Ya‘akov Oriya, geachtetster Winzer in der Wüste Negev, und manche seiner 20 Kollegen bekamen in den letzten Wochen hohen Besuch, durch den sie sich in normalen Zeiten sehr geehrt gefühlt hätten: Weingutsherren aus dem Bordelais reisten an und fragten um Rat. Den suchten sie nicht in Qualitäts- und Geschmacksfragen, sondern um sich nach der Dürre ihres Sommers und für die weitere Klimaerwärmung zu wappnen. Voller Stolz führen ihnen die an 40° im ganzjährigen Sonnenschein und 0,66 mm Regen im Monat für ihre mageren Böden gewöhnten Wüstenwinzer ihre Mikrobewässerung vor. 

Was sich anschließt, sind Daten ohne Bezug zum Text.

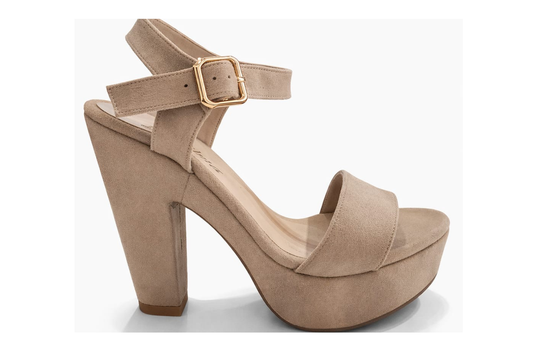 SANDALIA ORTOPÉDICA TIRA TACÓN 12CM BEIGE SUEDE
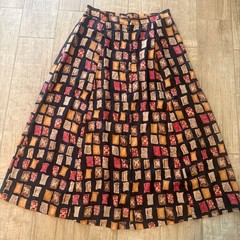 Anna & Frank Vintage 100% Silk Geometric Block Print Button Front Midi Skirt L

Dieses Ressourcen schonende und Wasser langsam auf die Rebenwurzeln tropfen lassende System wurde von dem aus Polen stammenden Ingenieur Simcha Blass (der es 1948 zum Direktor der staatlichen Wasserinstitutionen in Israel brachte) mit seinem Sohn Yeshayahu entwickelt und 1959 vorgestellt: ein simpler Plastikschlauch mit vielen kleinen Löchern, aus denen zwischen 3 und 5 Liter pro Stunde kamen. Es konnte erst 1965 kommerzialisiert werden, als Blass sen. im Kibbuz Hatzerim die Firma Netafim mitgegründete, heute mit 50 % Marktanteil die umsatzstärkste Produzentin künstlicher Bewässerungssysteme auf Erden. Die könnten bald im gesamten Mittelmeerraum eingesetzt werden, wenn sich die Alarmstimmung der Bordeaux-Winzer nach dem außergewöhnlich trockenen und heißen Sommer weiter ausbreitet.

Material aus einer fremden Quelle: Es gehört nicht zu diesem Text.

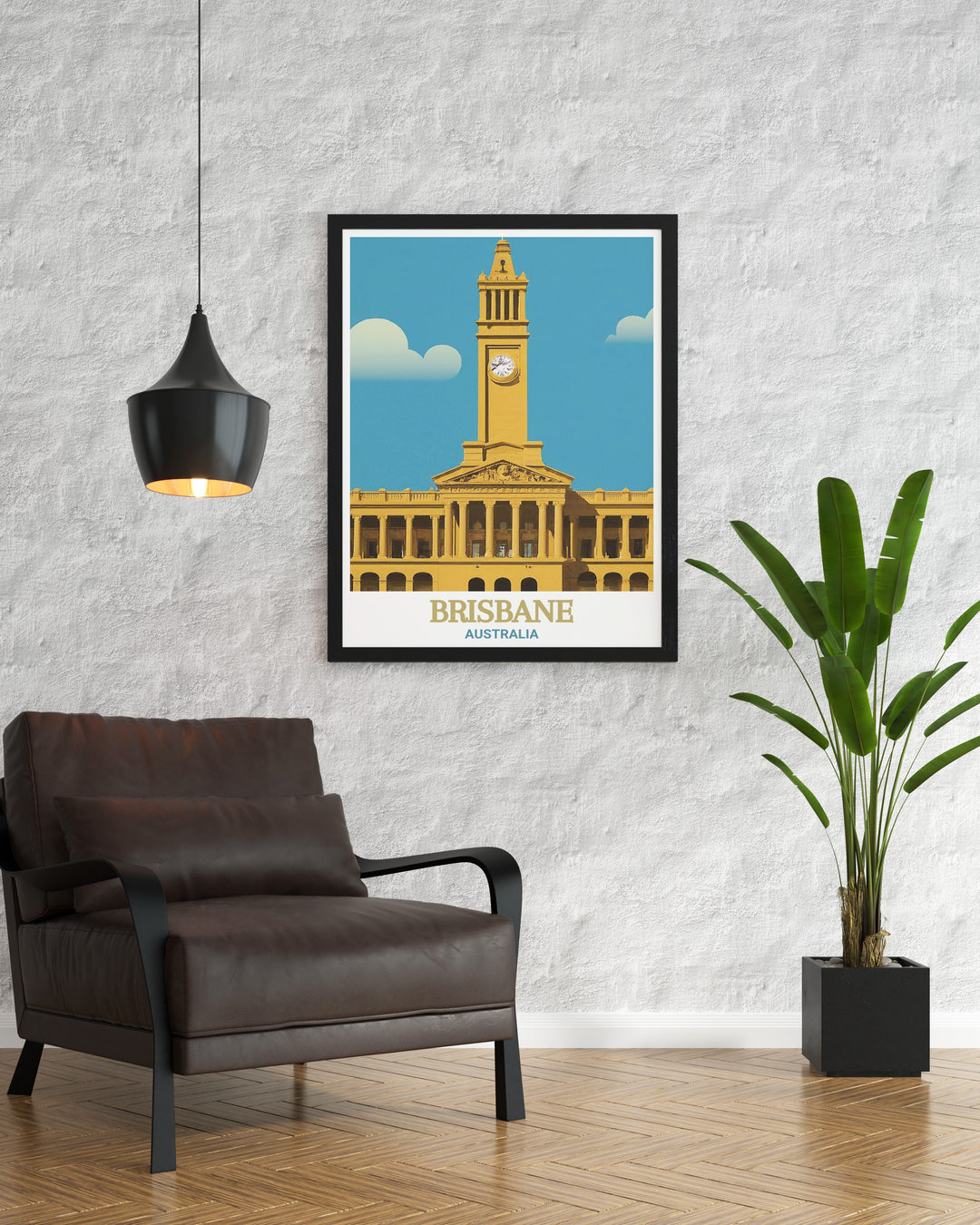 Modern Brisbane Art Print featuring City Hall and Clock Tower is ideal for those who love Australia prints. This artwork is available as a digital download or framed print making it a versatile choice for transforming any room into a stylish and elegant space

Schon vor der Blass-Erfindung wurde in dem extremen Wüstenklima Weinbau betrieben – seit etwa 3000 Jahren. Zuerst waren die Nabatäer, dann die Byzantiner darin Meister, das wenige Regenwasser zu kanalisieren, und Weine zu erzeugen, die bis zu den antiken Kulturvölkern geliefert wurden. Mittlerweile werden auf 360 Hektar (die Rebfläche im fränkischen Iphofen oder der Cantina Tramin in Südtirol) die Vorteile des Terroirs genutzt: Große Temperaturunterschiede zwischen Tag und Nacht fördern die Reifung, die Trockenheit verhindert Fäulnis und Schädlinge fast vollständig, sehr kalte Winternächte stärken die Reben, meist Grenache und Chenin. Die Natur ermöglicht bei frühzeitiger Ernte sehr würzige Weine, die Winzer müssen sie elegant, komplex und alterungsfähig werden lassen.

Bisheriger Meister darin ist der Winzer, Önologe und Berater mehrerer Weingüter Ya‘akov Oriya. Als Kind mit seinen ultraorthodoxen Eltern aus New York eingewandert, belegte der weinfreudige Bauingenieur 2003 einen vinologischen Anfängerkurs, pachtete 2004 seinen ersten Weinberg und erkannte, bevor es derzeitiges Mainstream-Denken wurde, die Vorzüge der Region für Weißwein. Für die nahe Zukunft prophezeit er Dessertweine und als Weltneuheit aus der Wüste einen Champagner.